What follows is a set of records; repeat them exactly, without the pictures.

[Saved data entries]
>>>

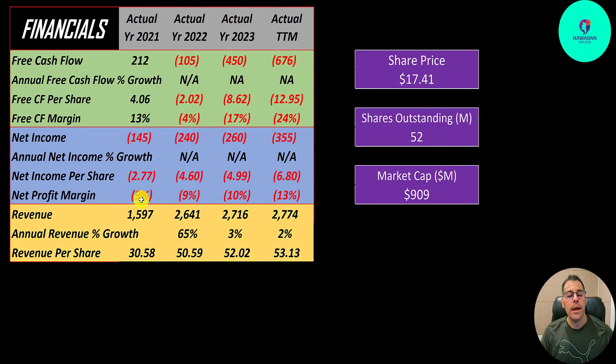Revenue went from $1.6 billion to $2.6 billion, up 65%. Then only up 3% into 2023, up 2% into the trailing 12 months. At least it's going up, but 3% is pretty weak. You want to go up at least 5–6% to match inflation, but even that isn't great. You probably want around 8% to 12%. They've been around a while, so I think 8% to 12% is appropriate.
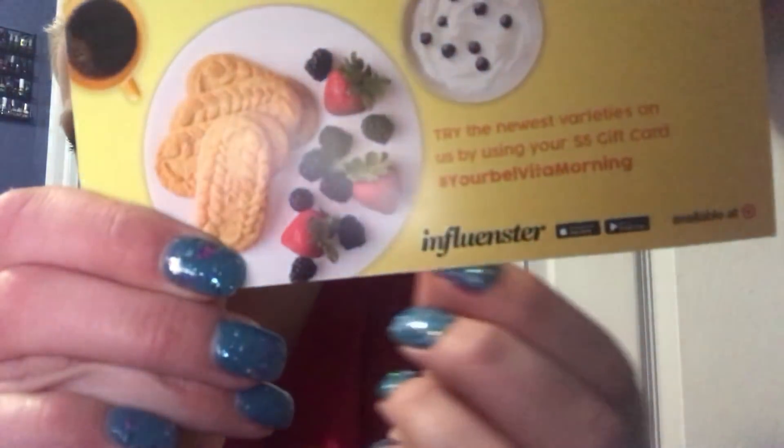Right there it is — Influenster. I've done Influenster several times but I quit because I didn't have time. Then I thought about it last month and went back into it, and I got accepted for this one. I didn't even apply for this one — they just sent it to me, like a request thing.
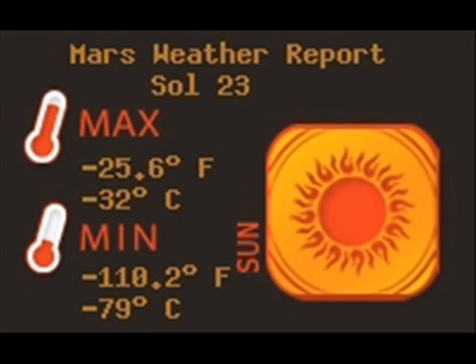On Sol 23, it was clear and sunny, with a low of minus 79 and a high of minus 32 degrees Celsius. Atmospheric pressure was 8.29 millibars. There are no wind speed measurements for today.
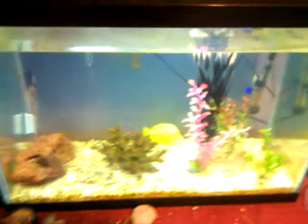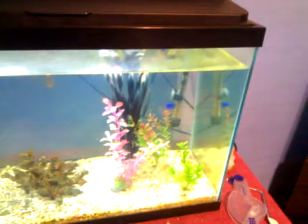Hello, this is Mr. Happy Face, and I want to show you my 20-gallon aquarium. I want to tell you about all the things I have in it now and what I did have.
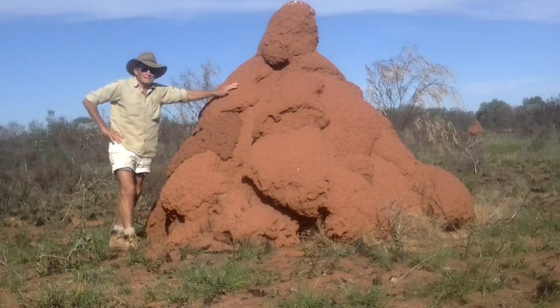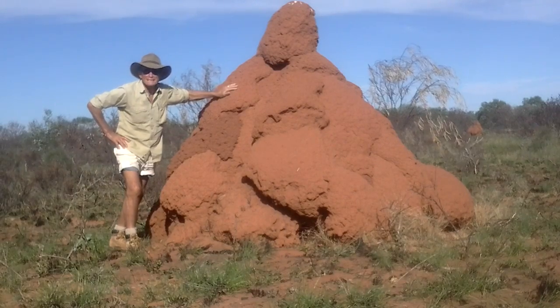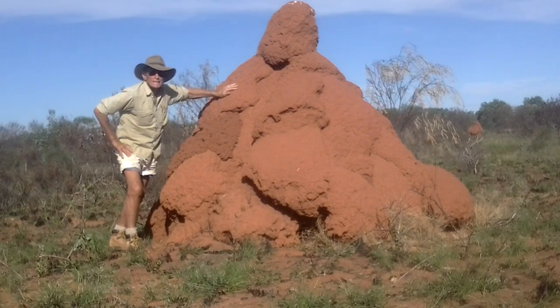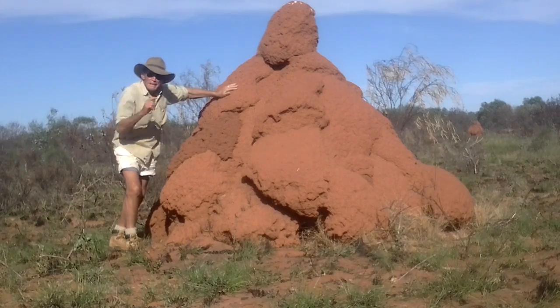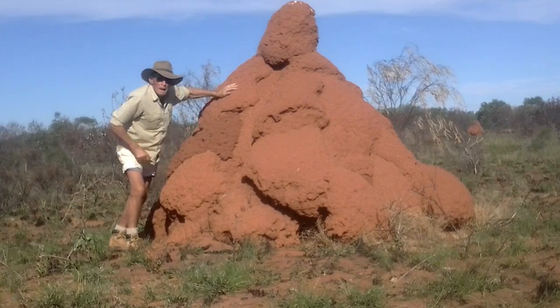These big mounds, they're not dumps of dinosaurs — they're actually made by termites, and they must be busy little fellas to produce this type of thing. Across the northern parts of Australia you'll see lots of different types of termite mounds, and they reckon that the termite colony is greater below ground than it is above ground.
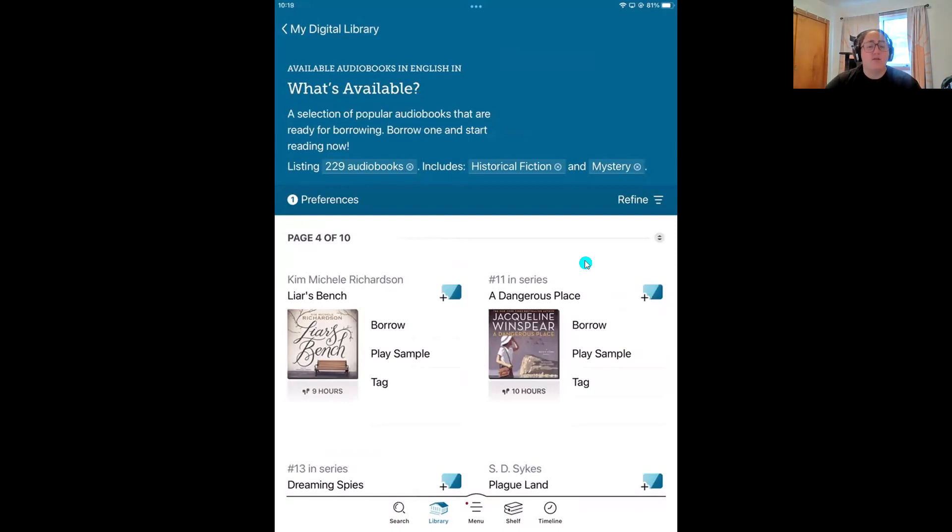I'm now going to move into tip number three — our favorite tip of them all: tags! Tags are a way you can organize books in Libby. If you used the OverDrive app in the past, you know OverDrive has a history list and a wish list. But in Libby, tags are much more robust because you can create as many lists as you'd like and name those lists whatever you'd like.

<<<

- **Solved exercise**:
Revenue went from $1.6 billion to $2.6 billion, up 65%. Then only up 3% into 2023, up 2% into the trailing 12 months. At least it's going up, but 3% is pretty weak. You want to go up at least 5–6% to match inflation, but even that isn't great. You probably want around 8% to 12%. They've been around a while, so I think 8% to 12% is appropriate.
Right there it is — Influenster. I've done Influenster several times but I quit because I didn't have time. Then I thought about it last month and went back into it, and I got accepted for this one. I didn't even apply for this one — they just sent it to me, like a request thing.
On Sol 23, it was clear and sunny, with a low of minus 79 and a high of minus 32 degrees Celsius. Atmospheric pressure was 8.29 millibars. There are no wind speed measurements for today.
Hello, this is Mr. Happy Face, and I want to show you my 20-gallon aquarium. I want to tell you about all the things I have in it now and what I did have.
These big mounds, they're not dumps of dinosaurs — they're actually made by termites, and they must be busy little fellas to produce this type of thing. Across the northern parts of Australia you'll see lots of different types of termite mounds, and they reckon that the termite colony is greater below ground than it is above ground.
I'm now going to move into tip number three — our favorite tip of them all: tags! Tags are a way you can organize books in Libby. If you used the OverDrive app in the past, you know OverDrive has a history list and a wish list. But in Libby, tags are much more robust because you can create as many lists as you'd like and name those lists whatever you'd like.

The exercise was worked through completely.